▶ [Activity] Write out each record a second time, exactly.

==== Information given ====

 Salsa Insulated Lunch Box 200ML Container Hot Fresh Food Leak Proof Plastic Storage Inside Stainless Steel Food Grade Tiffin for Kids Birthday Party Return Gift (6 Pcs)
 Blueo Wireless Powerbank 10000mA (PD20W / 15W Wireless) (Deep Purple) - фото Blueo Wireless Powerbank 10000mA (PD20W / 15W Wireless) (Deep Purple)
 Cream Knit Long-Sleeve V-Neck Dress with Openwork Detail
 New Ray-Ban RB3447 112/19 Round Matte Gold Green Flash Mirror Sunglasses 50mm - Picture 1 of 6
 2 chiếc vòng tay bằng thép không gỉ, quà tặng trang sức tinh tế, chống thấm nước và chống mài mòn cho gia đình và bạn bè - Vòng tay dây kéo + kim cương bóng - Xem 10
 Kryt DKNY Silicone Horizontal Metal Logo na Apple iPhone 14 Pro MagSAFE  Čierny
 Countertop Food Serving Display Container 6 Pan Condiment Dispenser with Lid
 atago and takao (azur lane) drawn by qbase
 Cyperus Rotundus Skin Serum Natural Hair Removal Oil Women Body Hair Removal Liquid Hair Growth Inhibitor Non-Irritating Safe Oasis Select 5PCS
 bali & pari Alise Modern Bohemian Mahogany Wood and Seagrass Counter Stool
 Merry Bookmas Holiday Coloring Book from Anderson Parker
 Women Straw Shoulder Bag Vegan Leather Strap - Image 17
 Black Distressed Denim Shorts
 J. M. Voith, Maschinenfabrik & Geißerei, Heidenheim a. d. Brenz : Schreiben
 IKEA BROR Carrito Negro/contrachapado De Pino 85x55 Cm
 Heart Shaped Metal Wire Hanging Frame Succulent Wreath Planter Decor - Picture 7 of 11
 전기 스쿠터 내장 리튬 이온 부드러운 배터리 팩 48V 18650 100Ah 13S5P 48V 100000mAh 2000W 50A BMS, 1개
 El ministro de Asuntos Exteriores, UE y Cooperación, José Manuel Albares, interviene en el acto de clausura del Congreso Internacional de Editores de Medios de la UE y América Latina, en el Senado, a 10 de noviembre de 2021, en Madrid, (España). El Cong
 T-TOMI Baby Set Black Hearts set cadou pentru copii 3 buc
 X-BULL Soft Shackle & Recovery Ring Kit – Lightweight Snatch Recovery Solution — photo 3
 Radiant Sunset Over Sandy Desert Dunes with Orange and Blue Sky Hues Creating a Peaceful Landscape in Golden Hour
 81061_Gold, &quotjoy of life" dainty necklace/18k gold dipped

====

▶ [Solution to the exercise]
 Salsa Insulated Lunch Box 200ML Container Hot Fresh Food Leak Proof Plastic Storage Inside Stainless Steel Food Grade Tiffin for Kids Birthday Party Return Gift (6 Pcs)
 Blueo Wireless Powerbank 10000mA (PD20W / 15W Wireless) (Deep Purple) - фото Blueo Wireless Powerbank 10000mA (PD20W / 15W Wireless) (Deep Purple)
 Cream Knit Long-Sleeve V-Neck Dress with Openwork Detail
 New Ray-Ban RB3447 112/19 Round Matte Gold Green Flash Mirror Sunglasses 50mm - Picture 1 of 6
 2 chiếc vòng tay bằng thép không gỉ, quà tặng trang sức tinh tế, chống thấm nước và chống mài mòn cho gia đình và bạn bè - Vòng tay dây kéo + kim cương bóng - Xem 10
 Kryt DKNY Silicone Horizontal Metal Logo na Apple iPhone 14 Pro MagSAFE  Čierny
 Countertop Food Serving Display Container 6 Pan Condiment Dispenser with Lid
 atago and takao (azur lane) drawn by qbase
 Cyperus Rotundus Skin Serum Natural Hair Removal Oil Women Body Hair Removal Liquid Hair Growth Inhibitor Non-Irritating Safe Oasis Select 5PCS
 bali & pari Alise Modern Bohemian Mahogany Wood and Seagrass Counter Stool
 Merry Bookmas Holiday Coloring Book from Anderson Parker
 Women Straw Shoulder Bag Vegan Leather Strap - Image 17
 Black Distressed Denim Shorts
 J. M. Voith, Maschinenfabrik & Geißerei, Heidenheim a. d. Brenz : Schreiben
 IKEA BROR Carrito Negro/contrachapado De Pino 85x55 Cm
 Heart Shaped Metal Wire Hanging Frame Succulent Wreath Planter Decor - Picture 7 of 11
 전기 스쿠터 내장 리튬 이온 부드러운 배터리 팩 48V 18650 100Ah 13S5P 48V 100000mAh 2000W 50A BMS, 1개
 El ministro de Asuntos Exteriores, UE y Cooperación, José Manuel Albares, interviene en el acto de clausura del Congreso Internacional de Editores de Medios de la UE y América Latina, en el Senado, a 10 de noviembre de 2021, en Madrid, (España). El Cong
 T-TOMI Baby Set Black Hearts set cadou pentru copii 3 buc
 X-BULL Soft Shackle & Recovery Ring Kit – Lightweight Snatch Recovery Solution — photo 3
 Radiant Sunset Over Sandy Desert Dunes with Orange and Blue Sky Hues Creating a Peaceful Landscape in Golden Hour
 81061_Gold, &quotjoy of life" dainty necklace/18k gold dipped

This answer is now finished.